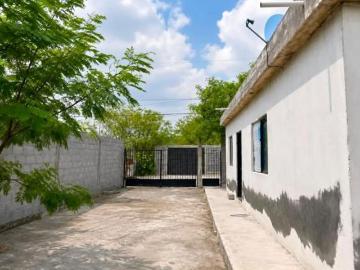 Casa en venta en Salinas Victoria, cerca de servicios clave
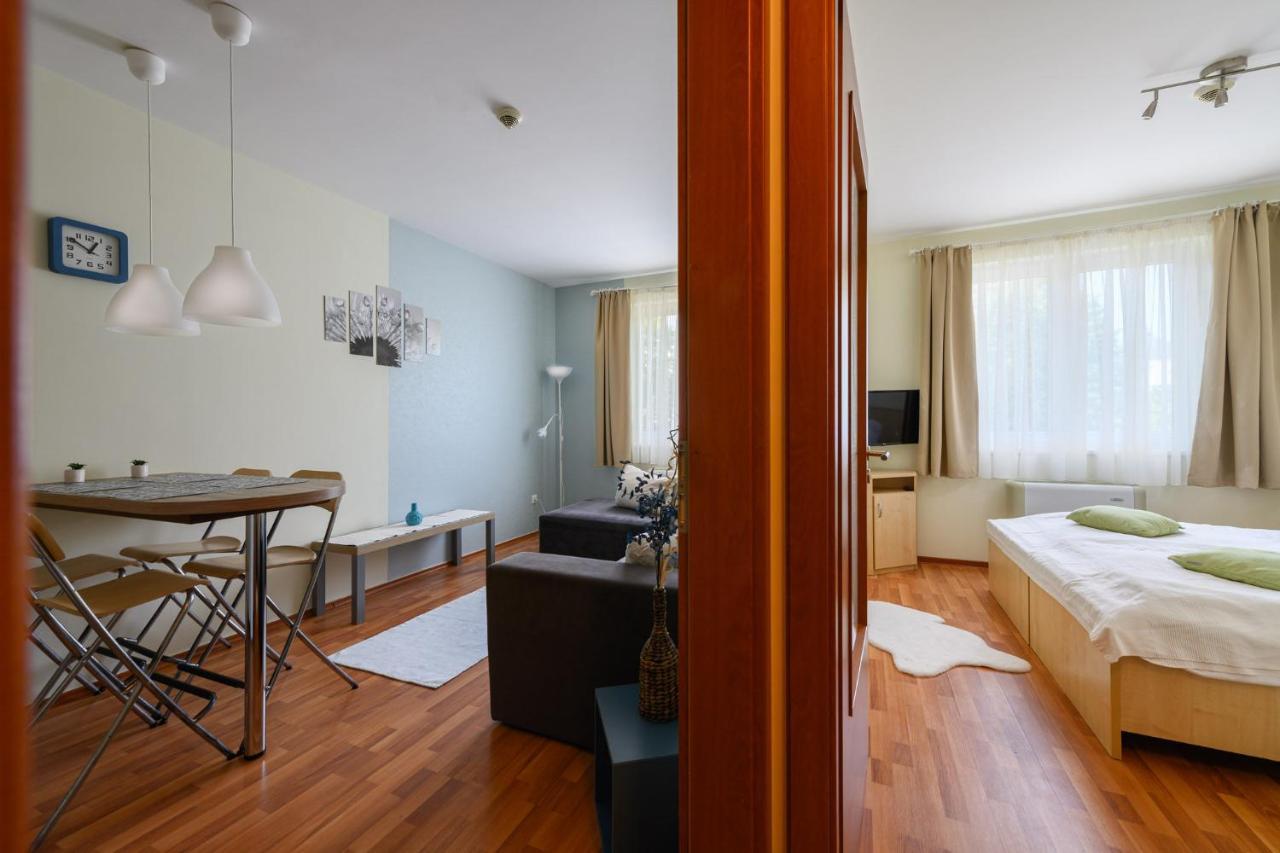 Mirage Wellness Apartman Hajduszoboszlo Exterior photo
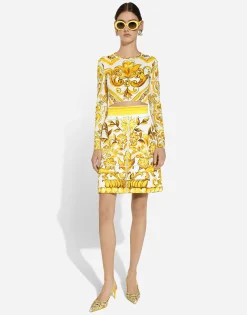 Short majolica-print brocade skirt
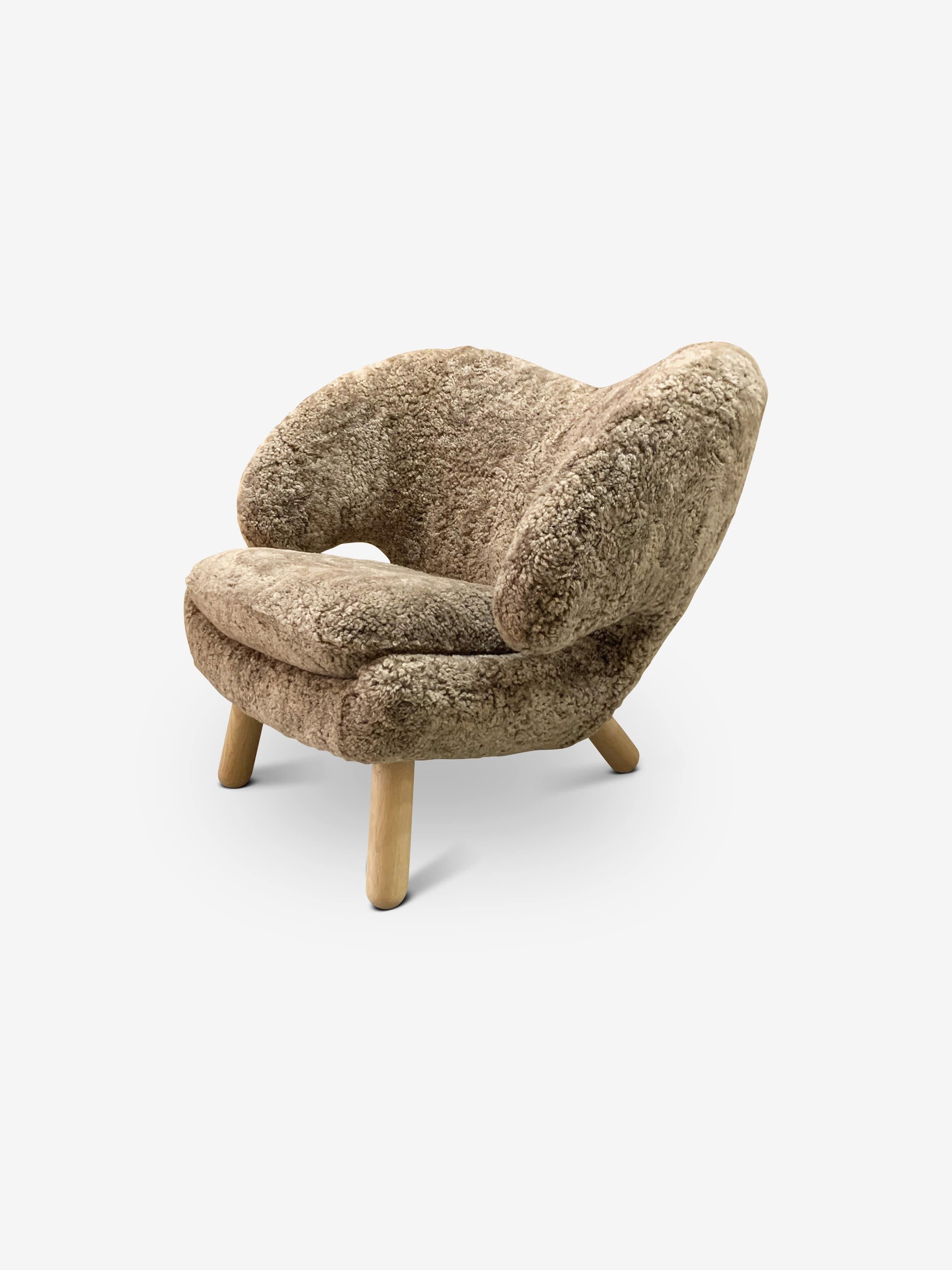 Finn Juhl Pelican Chair in Sahara Sheepskin by House of Finn Juhl 1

• EXERCISE DIRECTIONS
Please reproduce nothing but the lines from the one containing "Mirage Wellness Apartman" through the closing line of the listing, retyped word for word, pictures excluded.

• RESULT
 Mirage Wellness Apartman Hajduszoboszlo Exterior photo
 Short majolica-print brocade skirt
 Finn Juhl Pelican Chair in Sahara Sheepskin by House of Finn Juhl 1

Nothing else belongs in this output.